Using GPT to Classify Fastqs
Summary: Seems like you can determine sequencing platform from the quality scores alone using a GPT model.
After my previous post on classifying BAMs using CIGAR strings I decided to try a different approach. One significant issue using the CIGARs the that the files need to be aligned. While this could still be useful, it means you need to know what’s in them prior to classification.
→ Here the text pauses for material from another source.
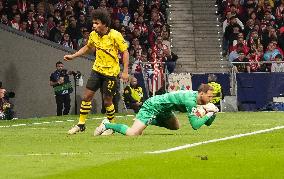 Champions League - Atletico Madrid V Dortmund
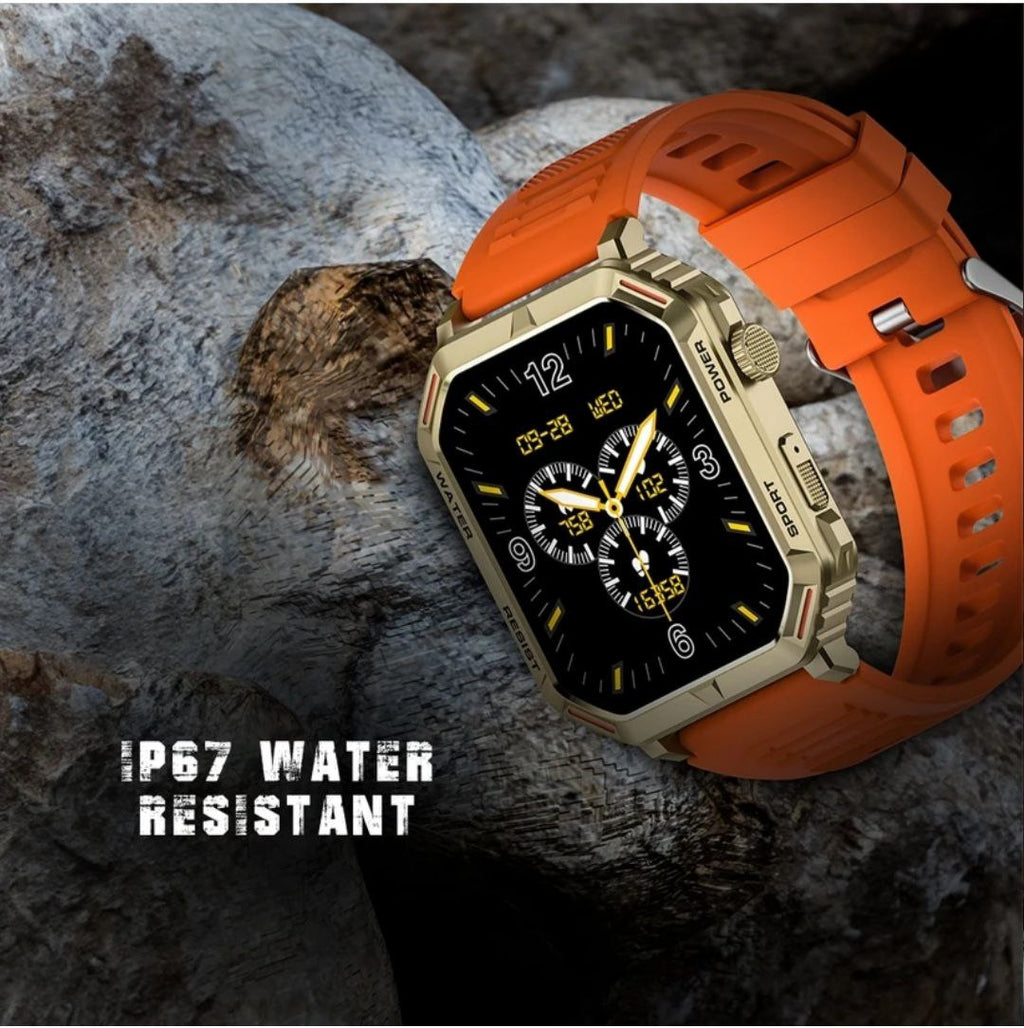 Fire-Boltt Commando Rugged Outdoor Series Smartwatch | Rugged design, rugged performance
Previously I’d tried using the nucleotides alone to determine the sequencing platform used. This was a total failure. I assume this is because any signal coming from the platform itself is largely masked by “good” unerror’d bases. And here we’re more interested in errors which might be characteristic of the platform used.
So, this time I decided to look at the quality scores only. With the small model I’m using (10M parameters in some hacked python code which is essentially nanoGPT). This appears to work well!
Not only can the classifier tell the difference between Illumina, Revio, Subread, and ONT. It can also distinguish between Illumina read 1 and read 2. As before, the input looks like this. A short identified (here I2 and I1 for “Illumina Read 2/1” with the quality string in between:
I2 DD?DDIH0FHGHHHHHIHIHIEHCHIEHHHGHIIIGHIIIIIHIIIGIIIIGIIGGH@H?HFHHHCHHIIHDCG11DEHIHC?HHIIICD0D?GFHHHIHIGHHEHHHHEHHDH<FHGIHIHIIHIEHHHHHIHCFHHHHIHI<EHHHEEEHHCGHHHIII.AHIIHIHHE.FAGAFHHDC<-BF@.BA?GGCGHD-8FE-@---@?@FCHHFH-@@?--66-6-@-FGHH-@-6--6---4,3>5+-6 I2
I1 DDD?@GGHHIIFEHCC@?1<FFGFHIIIIEEHIHFF1ECGGHH?GHIIHIIC@FGHIIIIHH@CCGHEH?HH<DEHIHIHHHHIEHHHIHHE?DGHHD1CHFHHGEHHHHHHHIIHHECC@FHHIIH?FHIIIIIIICHHIHIC?1FGEHEC?GEHHCFHHGCHIIGH@@@?@CG1<GEEECCEH0<...<CFHIIEF/<ECFHHH//CE/9FCCE7@/F/:@G/7CF/:77,BAH..9A.-86@AGB6 I1
After training I throw a subset of test quality strings through the model followed by a space and ask it to predict the subsequent characters (representing the platform). We can grab these quality string from a BAM like so:
samtools fastq /mnt/sdb1/sequeldata/IIe/NA09301.bam | awk 'BEGIN{n=0}{if(n%4==3) print $0;n++;}' | head -n 1000000 > ./test
The evaluator throws 100 quality strings through the model for a test fastq file. After this it spits out the most popular prediction. The platform types should probably be single tokens… and this often seems to cause the some confusion. But it works well enough for a quick experiment.
The model was able to determine the correct platform based on the platform alone in all the examples I tested. Would be interesting to try different ONT platforms, things like Illumina 2 color versus 4 color chemistries. This I imagine would be more challenging.
But it feels like the basic approach works and I’m curious to see how much further this can be pushed! Perhaps more to follow!